Japan Inc. defied the laws of financial gravity by creating a pyramid scheme. In the decades following World War II, it became customary to pile savings into JGBs. Public debt became the asset of choice for banks, insurance companies, pension funds, endowments, universities, the postal savings system, government institutions, companies and retirees, while foreign ownership was limited to reduce risk. It’s mutually assured destruction: if yields surge, everyone gets hurt. And so the BOJ and Finance Ministry work closely to control the bond market. The BOJ, says Tobias Harris of Teneo Intelligence, is increasingly inclined to introduce new stimulus measures again, perhaps later this month.
The question is whether that sense of loyalty is breaking down, particularly with the BOJ pushing rates negative. Japan, for example, is experiencing a bull market in demand for ¥10,000 bills and household safes as consumers wonder about bank solvency, as they did back in Sakakibara’s Finance Ministry days. The BOJ is printing an extra 180 million ¥10,000 bills this fiscal year, a sign that negative rates are backfiring spectacularly.
This loyalty question worries Blanchard, too. That might force Japan to tap foreign investors to pick up the slack as domestic ones age or lose trust in the BOJ. “To our surprise, Japanese retirees have been willing to hold government debt at zero rates, but the marginal investor will soon not be a Japanese retiree,” Blanchard told the Telegraph. “If and when U.S. hedge funds become the marginal Japanese debt, they are going to ask for a substantial spread.”

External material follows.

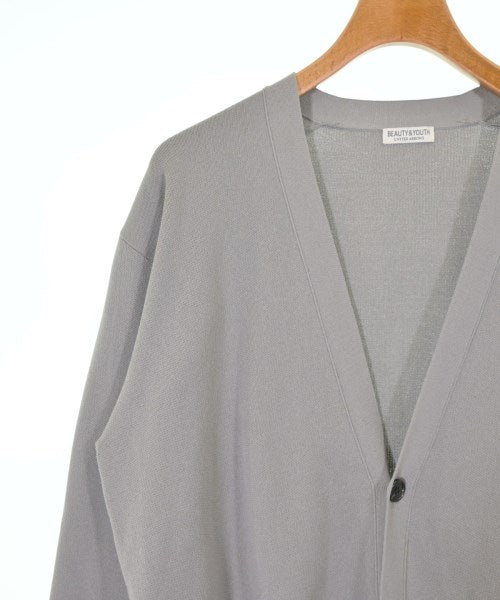 BEAUTY&YOUTH UNITED ARROWS เสื้อคาร์ดิแกน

Japan would do all it can to avoid that scenario. Tokyo holds two trump cards that peers lack. One, roughly 90 percent of JGBs are in domestic hands, reducing capital-flight risks. Two, an Armageddon put option: domestic debt forgiveness on a massive scale. This suggestion will seem fanciful to Westerners, but Japanese culture favors the collective over the individual. In 1998, millions of Koreans voluntarily donated gold and other family treasures to shore up the national balance sheet amid the Asian crisis. Faced with a humiliating default and worried about losing more ground to China, many Japanese might agree to a collective haircut on JGBs for the good of the motherland.
BOJ Gov. Haruhiko Kuroda faces another tricky problem: he’s running out of marketable securities to buy. As I’ve written before, the BOJ’s slow pace in introducing another dose of quantitative easing is as much a “how” question as a “why” one. Even now, the BOJ’s purchases (officially about $700 billion annually) are more than twice net government issuance — or “double monetization” of the deficit, as Morgan Stanley’s Robert Feldman calls it. If few domestic investors are selling JGBs, the BOJ must look for other assets to hoard.

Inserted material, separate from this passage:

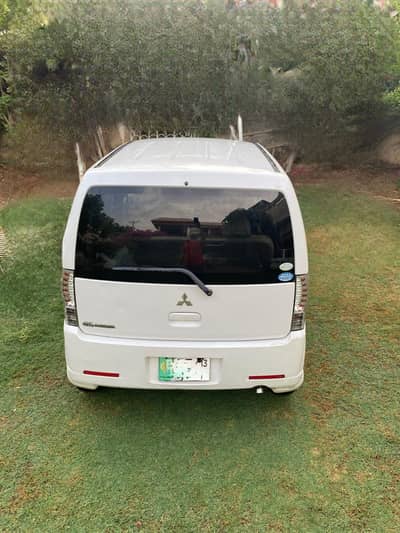 Selling Car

Funny, Japan was so reluctant to nationalize banks back in Sakakibara’s Finance Ministry days. The BOJ is now doing it indirectly by nationalizing the JGBs that dominate bank balance sheets. It makes you wonder how the BOJ could ever taper, like the Federal Reserve, never mind find an exit strategy. Nothing is more important to Tokyo in the long run than preserving calm in the world’s frothiest bond market. As such, Kuroda is just as stuck in Tokyo’s pyramid scheme as anyone.
At the moment, the focus is on Abenomics preservation. Odds are, Sakakibara is wrong yet again about the yen. Yes, long-yen positions are now the highest since before Abe entered the scene in late 2012. But intervention risks are rising just as fast as the currency. The closer the yen gets to the 100 mark, the closer the last of the foreigners who are most bullish on Abenomics flee to avoid “Abegeddon.”